Unfortunately he cannot pose, and yet to make a picture you must have an intelligent model.
And now I must tell you that these days, as far as material things go, are cruelly hard. Life, no matter what I do, is pretty expensive here, almost like Paris, where you can spend 5 or 6 francs a day and have very little to show for it.
If I have models, I suffer a good deal for it. But it doesn’t matter, and I’m going to continue. And I can assure you that if you should happen to send me a little extra money sometimes, it would benefit the pictures, but not me. The only choice I have is between being a good painter and a bad one. I choose the first. But the needs of the painting are like those of a wasteful mistress, you can do nothing without money, and you never have enough of it. That’s why painting ought to be done at the public expense, instead of the artists being overburdened with it.
But there, we had better hold our tongues, because no one is forcing us to work, fate having ordained that indifference to painting be widespread and by way of being eternal.

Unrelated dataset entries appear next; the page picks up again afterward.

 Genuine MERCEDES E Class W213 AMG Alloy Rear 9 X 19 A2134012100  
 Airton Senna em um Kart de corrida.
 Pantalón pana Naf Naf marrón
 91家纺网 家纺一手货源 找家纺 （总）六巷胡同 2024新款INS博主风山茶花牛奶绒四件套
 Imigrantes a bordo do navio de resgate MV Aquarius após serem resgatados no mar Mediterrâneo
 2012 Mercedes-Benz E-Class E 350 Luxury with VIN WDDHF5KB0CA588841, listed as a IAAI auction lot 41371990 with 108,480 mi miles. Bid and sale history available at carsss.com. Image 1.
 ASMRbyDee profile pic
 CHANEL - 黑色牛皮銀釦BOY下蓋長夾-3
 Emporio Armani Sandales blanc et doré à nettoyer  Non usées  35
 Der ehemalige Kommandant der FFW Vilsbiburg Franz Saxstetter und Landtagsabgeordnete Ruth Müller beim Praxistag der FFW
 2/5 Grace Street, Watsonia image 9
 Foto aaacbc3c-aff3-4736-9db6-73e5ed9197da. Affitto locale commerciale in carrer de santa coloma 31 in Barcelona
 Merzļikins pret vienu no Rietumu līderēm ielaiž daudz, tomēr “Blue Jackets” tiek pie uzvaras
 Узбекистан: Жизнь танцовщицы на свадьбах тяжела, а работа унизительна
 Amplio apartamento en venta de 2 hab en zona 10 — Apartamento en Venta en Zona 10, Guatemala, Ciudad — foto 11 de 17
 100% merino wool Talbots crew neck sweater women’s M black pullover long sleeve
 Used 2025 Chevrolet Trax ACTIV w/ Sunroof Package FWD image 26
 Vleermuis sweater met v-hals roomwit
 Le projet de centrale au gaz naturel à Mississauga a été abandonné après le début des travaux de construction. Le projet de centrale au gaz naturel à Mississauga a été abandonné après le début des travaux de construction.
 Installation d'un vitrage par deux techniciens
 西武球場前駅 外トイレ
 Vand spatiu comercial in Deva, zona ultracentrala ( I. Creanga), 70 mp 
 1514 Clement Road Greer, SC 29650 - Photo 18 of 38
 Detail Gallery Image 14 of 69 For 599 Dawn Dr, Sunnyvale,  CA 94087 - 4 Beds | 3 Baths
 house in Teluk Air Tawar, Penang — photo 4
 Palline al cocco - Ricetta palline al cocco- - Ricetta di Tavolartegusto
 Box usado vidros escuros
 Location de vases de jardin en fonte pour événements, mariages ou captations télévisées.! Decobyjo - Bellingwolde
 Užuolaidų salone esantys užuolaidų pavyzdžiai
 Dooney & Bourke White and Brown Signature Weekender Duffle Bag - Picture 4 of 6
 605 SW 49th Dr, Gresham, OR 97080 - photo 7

Fortunately my digestion is so nearly all right again that I have lived for three weeks in the month on ship’s biscuits with milk and eggs. It is the blessed warmth that is bringing back my strength, and I was certainly right in going at once to the South, instead of waiting until the evil was past remedy. Yes, really, I am as well as other men now,
which I have never been except for a short while in Nuenen for instance, and it is rather pleasant. By other men I mean something like the navvies, old Tanguy, old Millet, the peasants. When you are well, you must be able to live on a piece of bread while you are working all day, and have enough strength to smoke and to drink your glass in the evening, that’s necessary under the circumstances. And all the same to feel the stars and the infinite high and clear above you. Then life is almost enchanted after all. Oh! those who don’t believe in this sun here are real infidels.
Unfortunately, along with the good god sun three quarters of the time there is the devil mistral.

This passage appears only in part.